Santa was especially generous to good boys and girls last year.
The toy industry saw one of its best years every in 2015, as sales grew by 6.7%, according to new data from The NPD Group. When all was said and done, the industry generated $19.4 billion, largely on the strength of Star Wars-related toys.
There were a lot of merchandisable films last year beyond Star Wars (including Jurassic World and Minions), which led to 9.4% growth in toys with film tie-ins. But in the end, it was The Force Awakens that really pushed sales, as many expected it would. Star Wars-themed toys took in more than $700 million – and the enthusiasm surrounding them doesn’t appear to be slowing down dramatically.

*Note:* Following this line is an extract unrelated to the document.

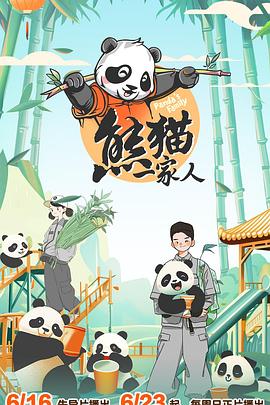 seo都用在哪些网站
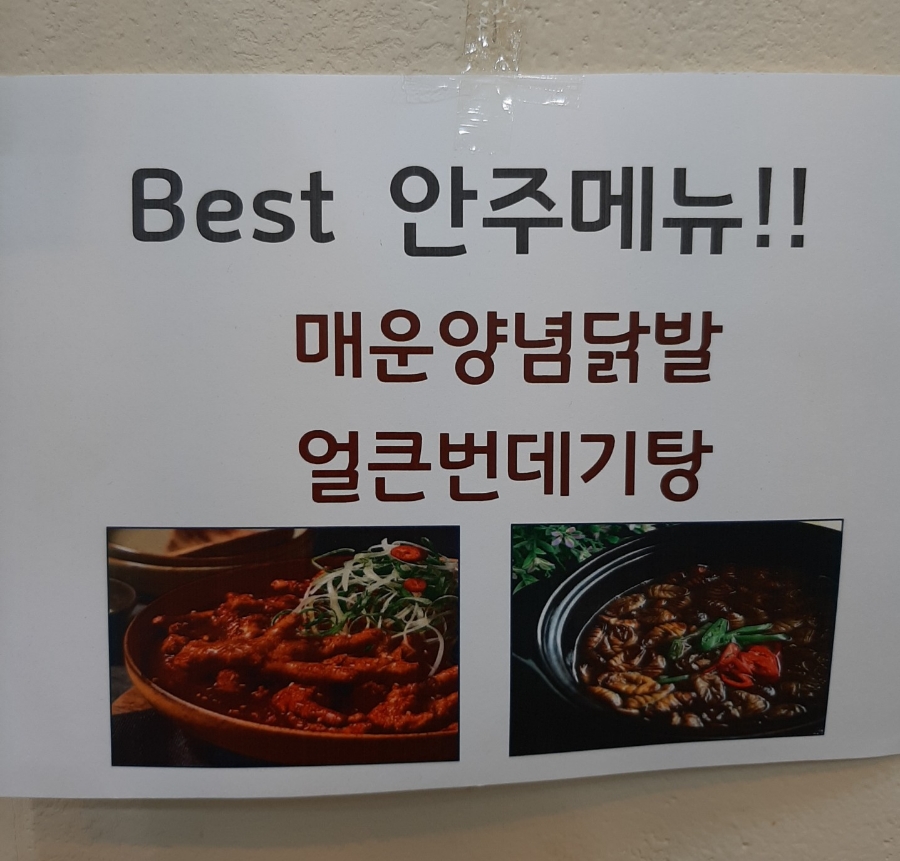 정갈한마미찬 이미지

Despite the strength of the film and the many, many toys associated with it, there was just one Star Wars toy on the list of the year’s 10 best sellers (the Sphero app-controlled BB-8 robot, which came in eighth). Instead, the Shopkins toy line, which is phenomenally popular with both boys and girls, topped 2015 toy sales. The 12-pack of the tiny figurines of the anthropomorphized household objects was #1, while the two-pack was the year’s fourth bestseller.

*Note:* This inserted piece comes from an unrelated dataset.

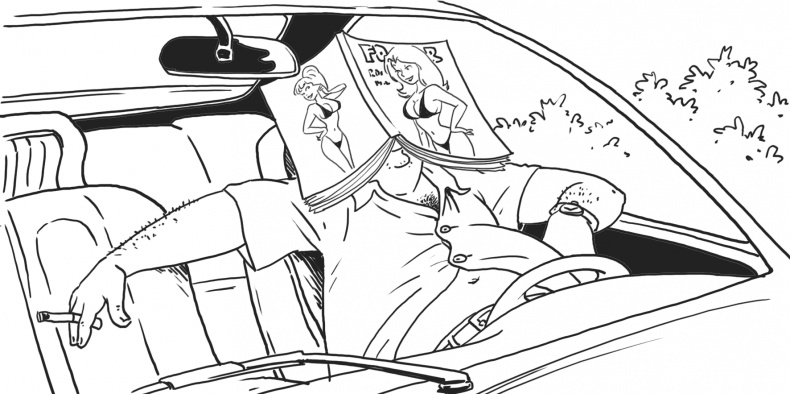 Иллюстрация к книге — Я тебя похудею [i_001.jpg]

A boy plays with a Shopkins ‘Scoops’ ice cream truck playset at Hamleys on June 25, 2015 in London, England.Photograph by Rob Stothard — Getty Images
“What was especially interesting to see this year among the top ten selling items was the wide diversity of toys from simple to complex,” said Juli Lennett, U.S. toys industry analyst for The NPD Group. “In addition, among the top toys were evergreen properties like Hot Wheels, Barbie, Star Wars, and Ninja Turtles as well as relatively new properties like Shopkins, Paw Patrol, and Minecraft. Price points were also wide ranging, from under $1 to over $150.”

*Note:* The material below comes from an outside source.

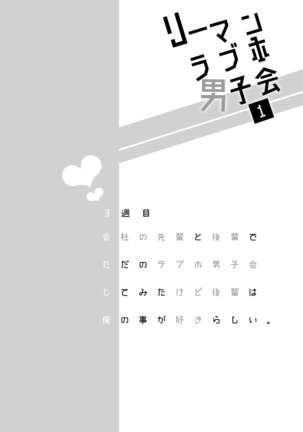 リーマンラブホ男子会1 Page #37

Games and puzzles were the year’s biggest selling category, with sales increasing 10.8% compared to the 2014 figures. Other high growth fields included vehicles (up 9.7%), building sets (gaining 9.4%) and action figures (with an 8.7% improvement).
Only two categories saw a dip in popularity – arts and crafts (down 4.3%) and youth electronics (which dropped 4.9%).
Also benefiting toy manufacturers was the extra shopping day before Christmas.
Christmas week represents 8% of the toy industry’s annual sales – and parents were scrambling for last minute gifts last year. NPD reports that sales during the seven-day period were 25% higher than they were in 2014.